Voters like Michael Benevento and Cheryl Frye think next Tuesday’s local vote to approve or reject Suffolk and Mohegan Sun’s proposed casino partnership will be much closer than the nearly 60 percent pro-casino vote last November.
“It’s just my feeling about how people are talking,” said Benevento.
The subject is hard to avoid with a banner strung across Broadway in front of City Hall reading: “Please vote on election day.”
Benevento thinks introducing gambling at Suffolk Downs will spur development in the city, but gambling opponent Frye said she is worried about the “crime factor” she thinks is associated with casino gambling.
“I’ve been against it from the start,” Frye said.
The state Gaming Commission’s current schedule calls for the five-member commission to license up to three resort casinos in Massachusetts by May 30. Revere and Everett are competing sites for an Eastern Massachusetts casino.
Revere voters supported a Suffolk casino in last November’s vote, but East Boston residents rejected the gambling proposal, setting the stage for Suffolk and Mohegan executives to announce plans to build a $1.3 billion gambling complex only in Revere.
Steven Moscato thinks the ideal Massachusetts casino site is a semi-rural location off a major highway, but he thinks Revere voters will approve a Suffolk casino site.
“I’d say it’s 50-50 how it will help the city: There are jobs — part-time ones at least — and the downside is crime and traffic,” Moscato said.
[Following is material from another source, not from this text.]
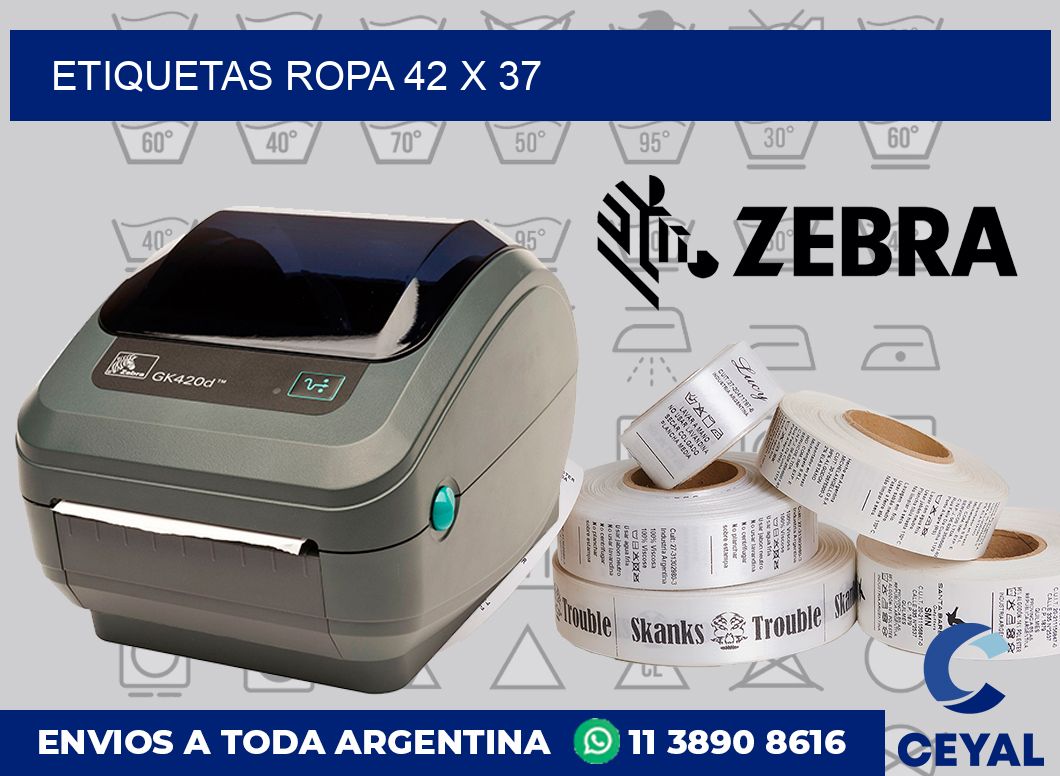 etiquetas ropa 42 x 37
Casino supporter Peggy Ferreira said a “no” vote against a Revere casino means gambling dollars spent by local and area residents will continue to flow to casinos in other states. She remembers the golden age of local race wagering when Wonderland Greyhound Park and Suffolk Downs drew crowds to the two tracks.
“We’ve had the dogs and the horses — what’s the problem?” she said.
The problem, in Roman Irby’s view, is that a casino could “bring a lot of trouble to the city,” including drug dealing, said Irby.
Benevento said casino opponents are contacting voters on the eve of the Feb. 25 vote. Casino proponent organizations, including Revere Says Yes and Friends of Mohegan Sun, are holding rallies this weekend, according to a Suffolk-Mohegan press statement.
Saber Abougalala said he does not gamble in line with his Islamic faith, but the Revere businessman said money generated by casino gambling will benefit local businesses and create jobs. In Andrew James’ view, a local vote against a Revere casino means money made from gambling will most likely go to Everett where a competing casino proposal is under commission review.
Benevento and resident Michelle Ciano said the upcoming casino vote has triggered strong feelings among people they know.
“I think there’s a lot of mixed emotions,” she said.